Dynamics of Rotating Machinery: Modeling, Fault Diagnosis, and Control Strategies

Abstract

The rotating machinery forms the foundation of modern industrial systems, and major industries, including power generation, petrochemicals, aviation and aerospace, are greatly reliant on rotating machinery. Due to continuous service under high mechanical, thermal, and aerodynamic loads, such machines are very vulnerable to failures such as imbalance, misalignment, wear of the bearings, cracks along the shaft, lubrication damage and defective gears. The complicated rotor-stator interactions in the form of fluid-structure interactions, thermal stress interaction, as well as vibration phenomena are necessary in understanding the reliability, operational safety, and cost-effective maintenance. In this paper, the modeling, fault diagnosis and control methods employed in rotating machinery have been surveyed in detail. The advanced analytical and numerical modeling methodology, e.g., the finite element method, transfer matrix method, and modal analysis are discussed to model the dynamic behavior in various working conditions.

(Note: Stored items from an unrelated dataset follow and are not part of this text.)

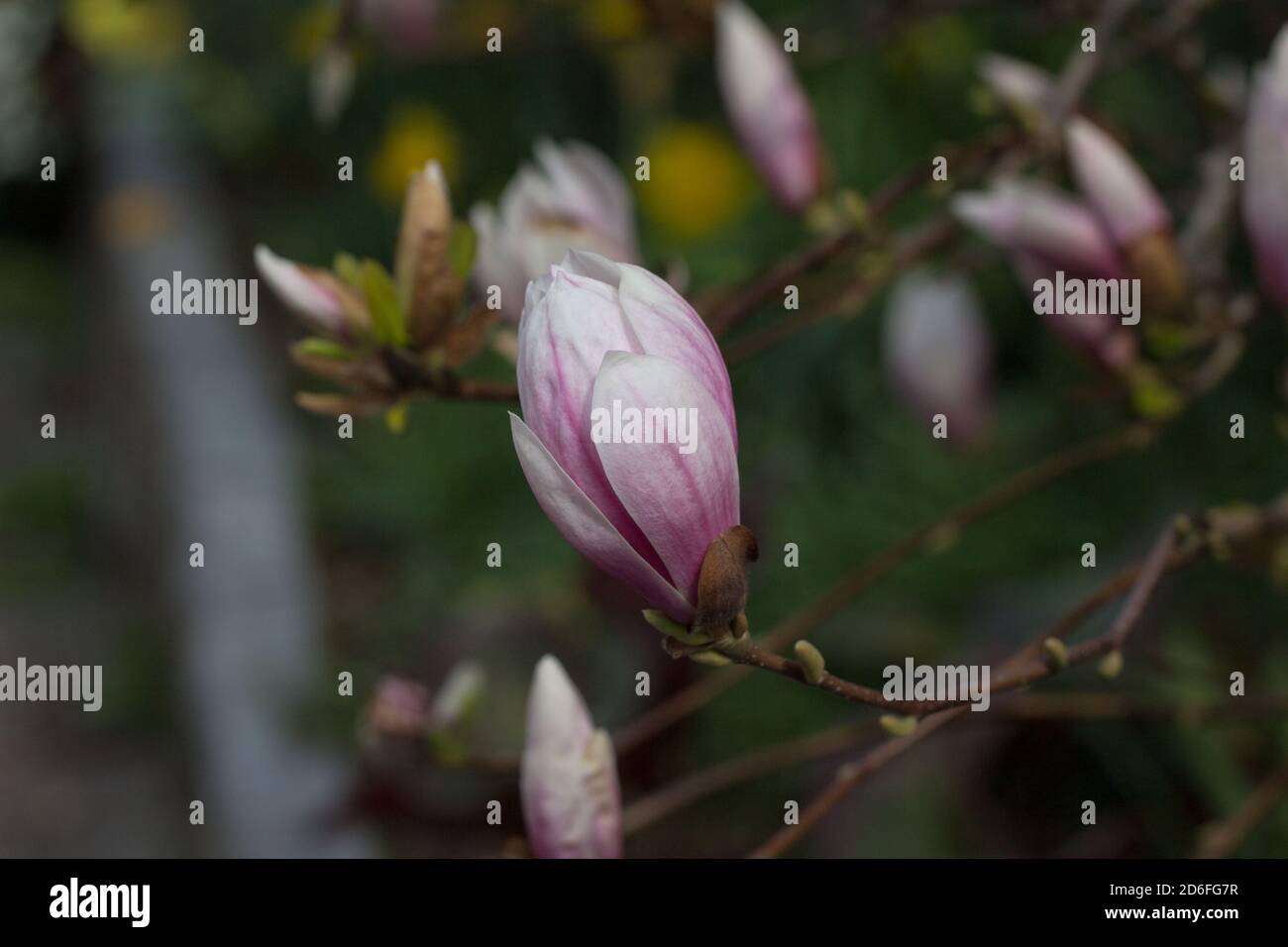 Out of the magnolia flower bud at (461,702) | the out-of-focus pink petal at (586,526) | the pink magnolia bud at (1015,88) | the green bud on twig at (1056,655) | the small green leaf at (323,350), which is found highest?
the pink magnolia bud at (1015,88)

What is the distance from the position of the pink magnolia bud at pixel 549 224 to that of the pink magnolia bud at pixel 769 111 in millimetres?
80

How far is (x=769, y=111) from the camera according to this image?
600 mm

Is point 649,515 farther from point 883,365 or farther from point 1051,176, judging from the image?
point 883,365

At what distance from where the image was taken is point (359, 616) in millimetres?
1592

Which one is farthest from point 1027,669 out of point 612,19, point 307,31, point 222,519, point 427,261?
point 222,519

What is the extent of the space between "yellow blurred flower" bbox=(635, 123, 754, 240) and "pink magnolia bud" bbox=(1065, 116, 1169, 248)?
2.59ft

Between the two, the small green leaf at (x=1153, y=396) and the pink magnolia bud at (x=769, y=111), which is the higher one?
the pink magnolia bud at (x=769, y=111)

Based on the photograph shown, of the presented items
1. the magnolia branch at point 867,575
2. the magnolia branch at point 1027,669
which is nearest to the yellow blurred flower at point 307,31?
the magnolia branch at point 867,575

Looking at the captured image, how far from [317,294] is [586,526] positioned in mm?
178

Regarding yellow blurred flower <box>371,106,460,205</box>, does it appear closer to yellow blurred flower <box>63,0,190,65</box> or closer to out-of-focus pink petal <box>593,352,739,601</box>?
yellow blurred flower <box>63,0,190,65</box>

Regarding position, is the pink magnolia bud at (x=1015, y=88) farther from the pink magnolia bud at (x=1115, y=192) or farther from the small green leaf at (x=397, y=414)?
the small green leaf at (x=397, y=414)

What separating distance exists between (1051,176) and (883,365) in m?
0.23

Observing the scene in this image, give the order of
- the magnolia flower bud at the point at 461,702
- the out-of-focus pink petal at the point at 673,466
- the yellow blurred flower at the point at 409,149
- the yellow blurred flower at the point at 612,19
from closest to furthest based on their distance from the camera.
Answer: the out-of-focus pink petal at the point at 673,466 < the magnolia flower bud at the point at 461,702 < the yellow blurred flower at the point at 612,19 < the yellow blurred flower at the point at 409,149

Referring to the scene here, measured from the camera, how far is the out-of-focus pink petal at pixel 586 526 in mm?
330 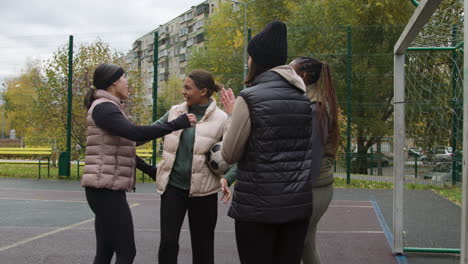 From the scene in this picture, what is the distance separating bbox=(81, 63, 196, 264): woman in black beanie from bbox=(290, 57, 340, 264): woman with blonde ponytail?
2.77ft

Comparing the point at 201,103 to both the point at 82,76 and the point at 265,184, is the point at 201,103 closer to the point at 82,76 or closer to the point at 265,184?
the point at 265,184

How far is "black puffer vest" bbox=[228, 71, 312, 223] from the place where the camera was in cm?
272

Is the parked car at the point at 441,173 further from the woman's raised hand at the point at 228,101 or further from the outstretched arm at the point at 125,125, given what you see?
the outstretched arm at the point at 125,125

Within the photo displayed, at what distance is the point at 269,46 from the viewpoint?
9.44 feet

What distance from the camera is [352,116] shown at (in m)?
13.7

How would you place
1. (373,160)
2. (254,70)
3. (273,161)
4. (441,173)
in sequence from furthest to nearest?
(373,160)
(441,173)
(254,70)
(273,161)

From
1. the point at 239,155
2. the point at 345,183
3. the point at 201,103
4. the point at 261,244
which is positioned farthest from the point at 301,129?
the point at 345,183

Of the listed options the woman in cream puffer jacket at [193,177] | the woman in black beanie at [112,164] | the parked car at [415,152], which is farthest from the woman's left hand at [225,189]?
the parked car at [415,152]

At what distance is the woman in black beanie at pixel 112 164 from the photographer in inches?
138

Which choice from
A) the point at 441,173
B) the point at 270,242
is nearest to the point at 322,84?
the point at 270,242

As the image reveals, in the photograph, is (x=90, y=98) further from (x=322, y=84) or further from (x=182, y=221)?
(x=322, y=84)

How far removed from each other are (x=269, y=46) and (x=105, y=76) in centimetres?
138

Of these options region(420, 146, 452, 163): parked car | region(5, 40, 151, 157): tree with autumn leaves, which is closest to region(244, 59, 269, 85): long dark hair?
region(420, 146, 452, 163): parked car

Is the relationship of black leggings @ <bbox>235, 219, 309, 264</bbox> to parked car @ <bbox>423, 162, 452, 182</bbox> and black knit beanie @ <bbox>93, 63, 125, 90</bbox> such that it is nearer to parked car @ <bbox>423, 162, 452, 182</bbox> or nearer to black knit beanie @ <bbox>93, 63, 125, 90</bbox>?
black knit beanie @ <bbox>93, 63, 125, 90</bbox> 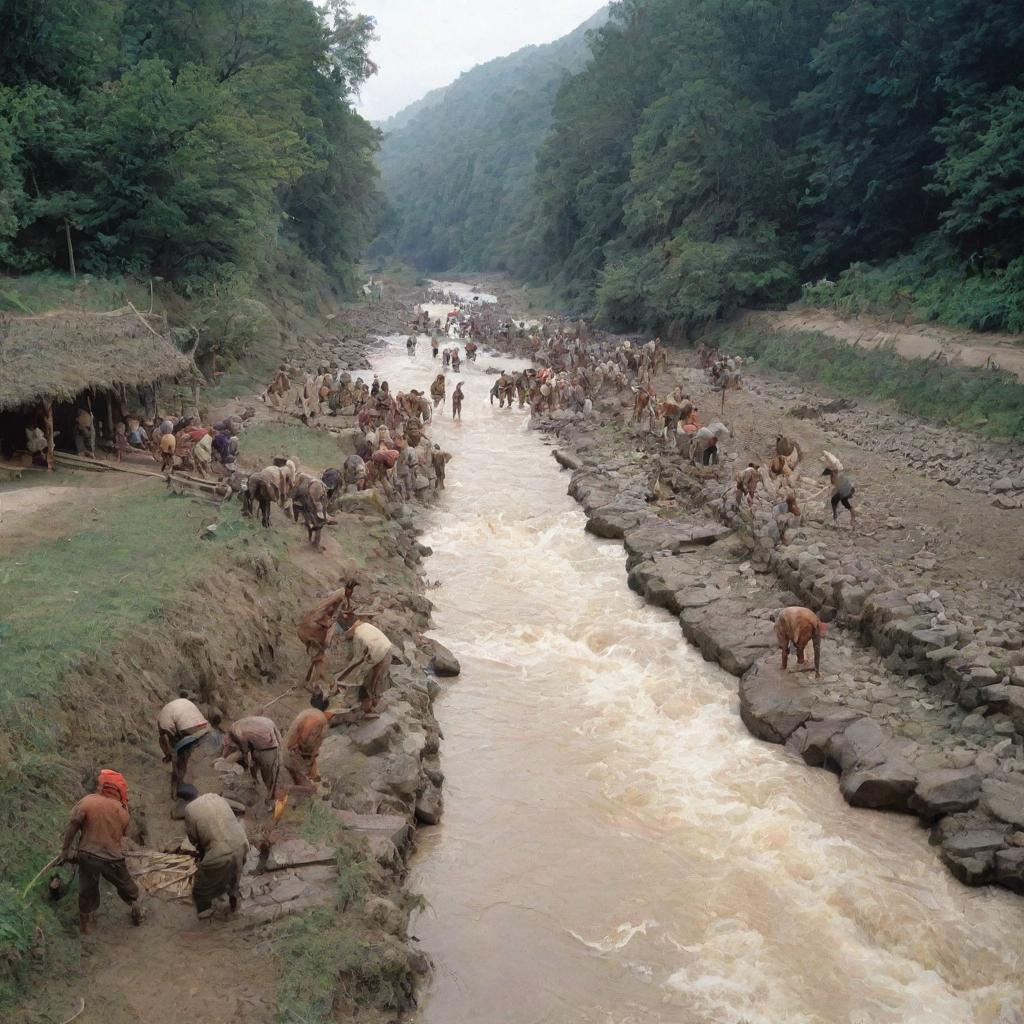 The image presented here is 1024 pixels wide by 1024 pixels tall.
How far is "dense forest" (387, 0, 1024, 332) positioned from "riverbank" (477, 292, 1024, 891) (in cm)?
1051

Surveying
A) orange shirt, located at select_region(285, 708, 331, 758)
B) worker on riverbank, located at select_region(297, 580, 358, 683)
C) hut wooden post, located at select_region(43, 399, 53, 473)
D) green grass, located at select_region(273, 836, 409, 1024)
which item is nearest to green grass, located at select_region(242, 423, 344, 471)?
hut wooden post, located at select_region(43, 399, 53, 473)

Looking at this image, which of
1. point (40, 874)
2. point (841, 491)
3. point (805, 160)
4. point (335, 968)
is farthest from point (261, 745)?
point (805, 160)

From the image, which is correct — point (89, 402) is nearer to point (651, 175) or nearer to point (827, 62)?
point (827, 62)

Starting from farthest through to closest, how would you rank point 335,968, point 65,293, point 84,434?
point 65,293, point 84,434, point 335,968

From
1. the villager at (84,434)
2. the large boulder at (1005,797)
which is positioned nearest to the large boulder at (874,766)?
the large boulder at (1005,797)

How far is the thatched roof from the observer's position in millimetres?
15016

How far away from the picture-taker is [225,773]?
29.2 ft

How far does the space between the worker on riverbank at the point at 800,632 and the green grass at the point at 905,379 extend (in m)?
12.1

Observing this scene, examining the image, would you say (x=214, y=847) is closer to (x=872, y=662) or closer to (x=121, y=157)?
(x=872, y=662)

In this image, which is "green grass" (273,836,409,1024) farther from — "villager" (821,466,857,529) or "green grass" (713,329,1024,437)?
"green grass" (713,329,1024,437)

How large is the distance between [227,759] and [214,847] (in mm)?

Furthermore, the work delves into the most recent advancements in defect diagnostic approaches that include signal processing, vibration analysis, and artificial intelligence. It highlights the growing trend of information-based predictive maintenance. Also, recent control schemes, such as passive and active vibration control schemes, smart and fault-tolerant and resilient control structures are discussed in terms of their contribution to stability in the system and failure prevention.